Target is offering an insulting one-time $500 cash payment to those part-time workers presently enrolled in their health plan to “enable a smooth transition for those team members most impacted.” Workers shopping for coverage will discover that this amount will do little to offset the price of premiums and out-of-pocket costs for the least expensive “bronze” plans offered on the Obamacare exchanges.

As an example, the “window shopping” feature at the HealthCare.gov web site shows that one of the bronze plans available to a couple in their late fifties living in Dallas, Texas is priced at $680 a month and includes annual deductibles of $12,700 for the couple and $6,000 per individual. Another comes with a $1,019 monthly premium, $10,200 family deductible and a $5,100 individual deductible.

The government subsidies for low-income workers to purchase such policies are minimal. Sarah Kliff’s Washington Post blog estimates that a “hypothetical 25-year-old Target sales floor leader, for example, who earns $15 an hour and works 29 hours per week would qualify for a monthly health care subsidy of $96 if Target does not offer insurance.”

Additionally, people purchasing Obamacare plans are on the hook for a wide range of out-of-pocket expenses. Aside from annual wellness visits, some screenings and other “essential services,” individuals and families will be required to pay their deductibles in full before services can even be accessed. This will inevitably lead to people forgoing care because they simply cannot afford it, despite the fact that they are “insured.”

Another high out-of-pocket cost on the Obamacare exchanges is the outlay for certain prescription drugs. Drugs must be included in a plan’s drug formulary in order to be covered. On the bronze plans, even if a drug is covered, the insured may be responsible for cost-sharing of as much as 40 percent of the price.

Networks of hospitals, doctors and other providers are also severely restricted on many plans. In a number of states, the Obamacare plans include only one or two hospitals and exclude some of the most prestigious research and teaching institutions.

It is inevitable that other big, low-wage employers will follow Target’s lead and drop coverage for their part-time workers, if they have not done so already. In 2011, long before the launch of Obamacare, retail giant Walmart announced that it would stop health coverage for employees hired after February 1, 2012 who work less than 24 hours a week.

Other companies are dropping coverage for spouses of employees. Last August, United Parcel Service said it was dropping coverage for about 15,000 employees’ spouses who are eligible for coverage through their own employers.

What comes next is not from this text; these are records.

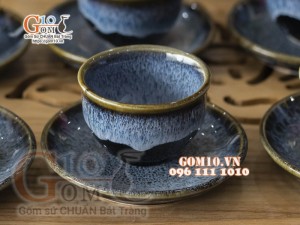 Bộ ấm chén dáng quả hồng men hỏa biến cẩm thạch 300ml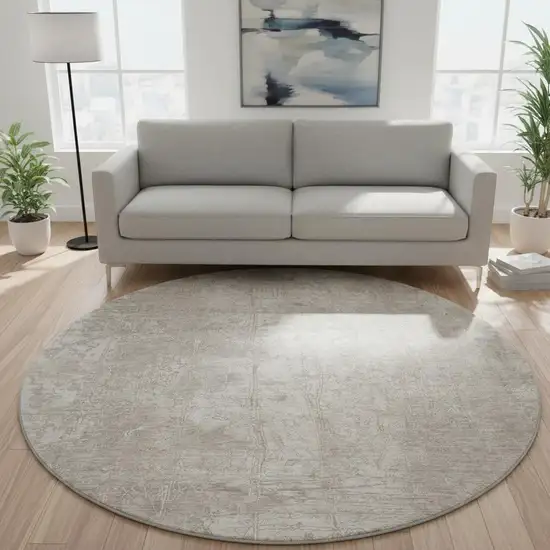 8' Ivory And Cream Abstract Washable Round Rug With UV Protection Photo 2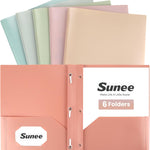 SUNEE 3-Prong Plastic Folders with Pockets (6 Pack, Pastel Colors) 2 Pocket Folders with Fasteners, Tear-Resistant Plastic Pockets, and Fit Letter Size Paper, Use for School Office Home Business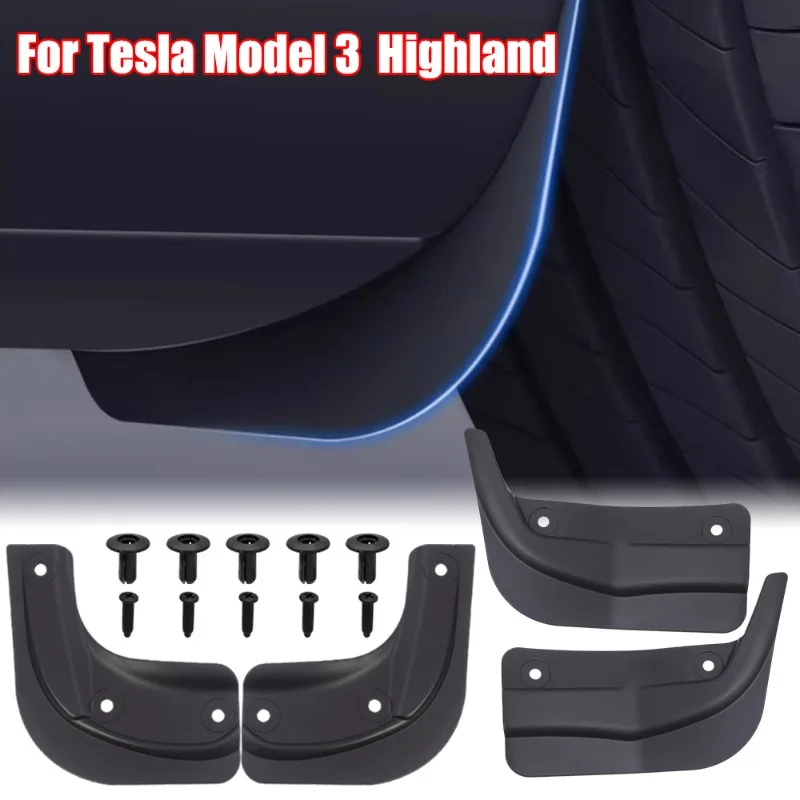 Mud Flaps for Tesla Model 3 Highland 2024 Mudguard Official Front Rear Wheel Fenders Splash Guards Model3 Accessories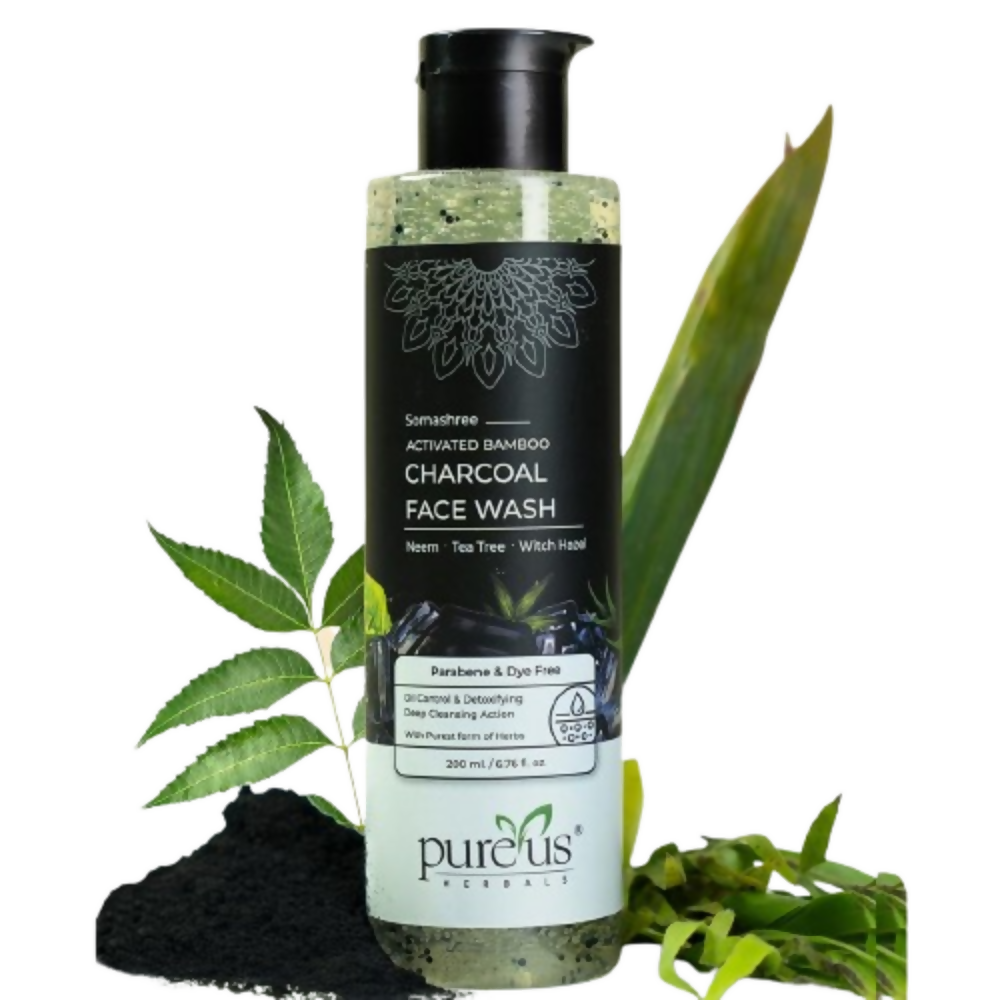 Image 1 of 200 ml / Pack of 1 for the product Pureus Herbals Somashree Activated Bamboo Charcoal Face Wash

Employers have been shifting health care costs onto their workforces since at least the late 1980s. The Affordable Care Act is providing the impetus for making even more dramatic changes.

Companies are shifting more and more costs onto employees through increased cost-sharing in the form of higher deductibles and co-pays. Others are eliminating traditional plans and shifting their workers to private exchanges similar to Obamacare, where workers must fend for themselves in the selection of plans for sale by private insurers.

A substantial number of large businesses are expected to drop their coverage altogether, choosing to pay the minimal penalties imposed by ACA for not providing coverage. Of the 156 million people—more than half of the US population—who were covered through their employer in 2013, the Congressional Budget Office estimates that by 2016 some 6 million fewer people will receive employer-based health insurance.

These moves bring into focus the real aim of the health care overhaul, which has nothing to do with expanding access to high-quality, affordable insurance. Obamacare was devised from the outset as a means of dismantling the employer-based system of health insurance that for decades guaranteed a basic level of health care for tens of millions of Americans.

Touted as a plan that would promote “affordable,” “near universal” health coverage, in reality the legislation is tailored to the profit interests of employers and the health care industry, while reducing and rationing care for the vast majority of workers and their families.